__AIM OF THE TASK__.
Return the full listing unchanged, excluding any images it contains.

__COLLECTED DATA__.
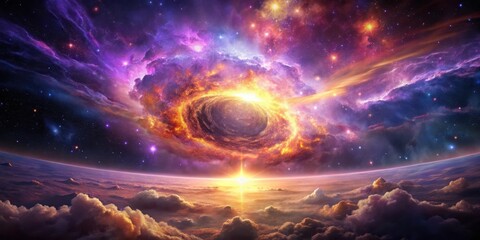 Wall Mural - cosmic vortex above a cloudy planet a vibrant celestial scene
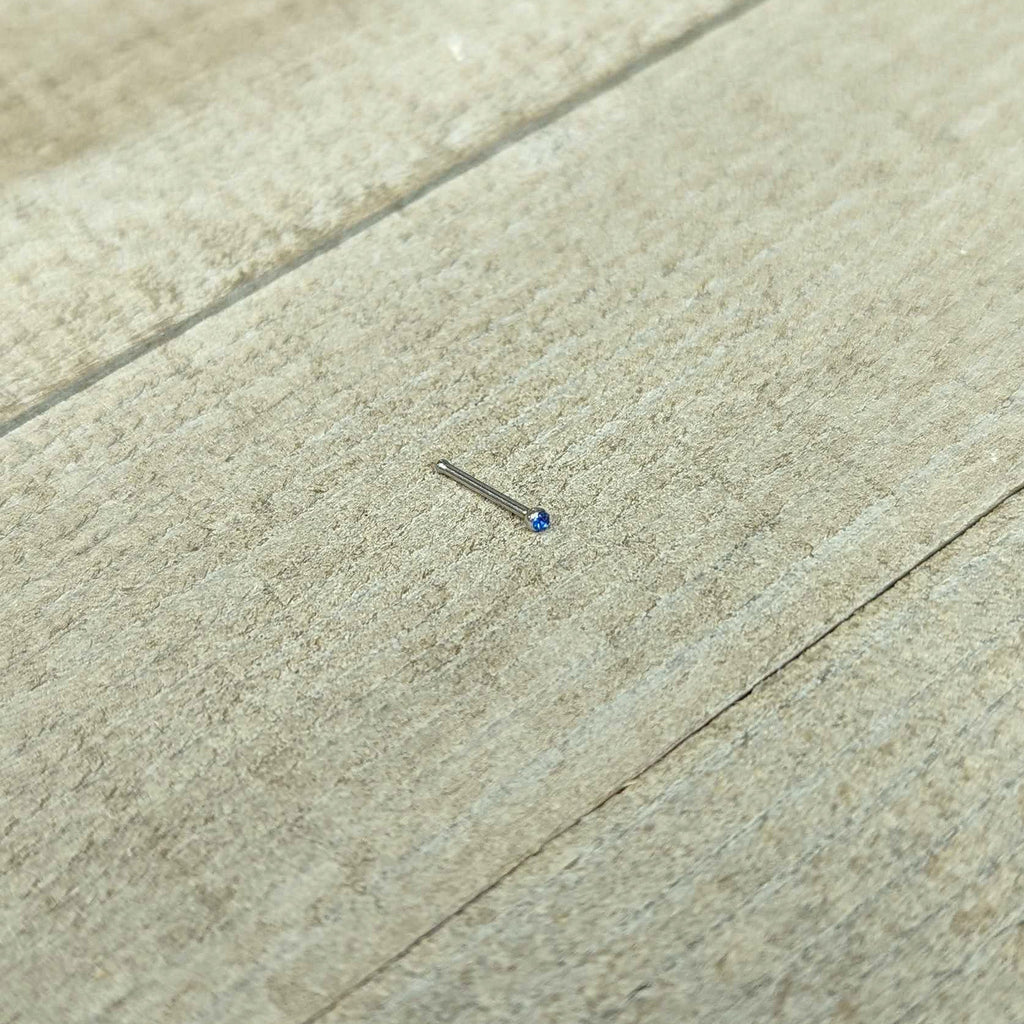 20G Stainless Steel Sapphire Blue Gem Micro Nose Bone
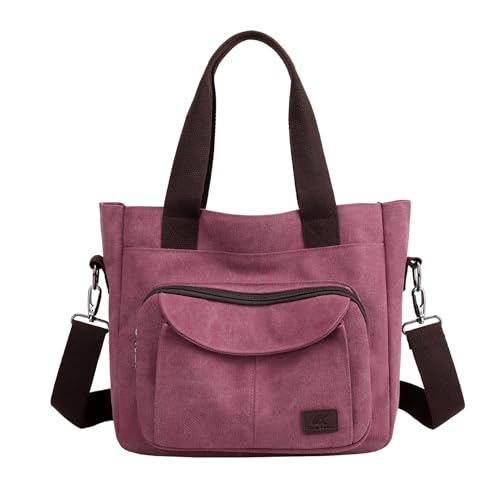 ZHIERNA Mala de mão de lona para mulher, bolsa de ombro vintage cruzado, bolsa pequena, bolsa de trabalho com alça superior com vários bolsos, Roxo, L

__RESPONSE FOR THIS EXERCISE__.
 Wall Mural - cosmic vortex above a cloudy planet a vibrant celestial scene
 20G Stainless Steel Sapphire Blue Gem Micro Nose Bone
 ZHIERNA Mala de mão de lona para mulher, bolsa de ombro vintage cruzado, bolsa pequena, bolsa de trabalho com alça superior com vários bolsos, Roxo, L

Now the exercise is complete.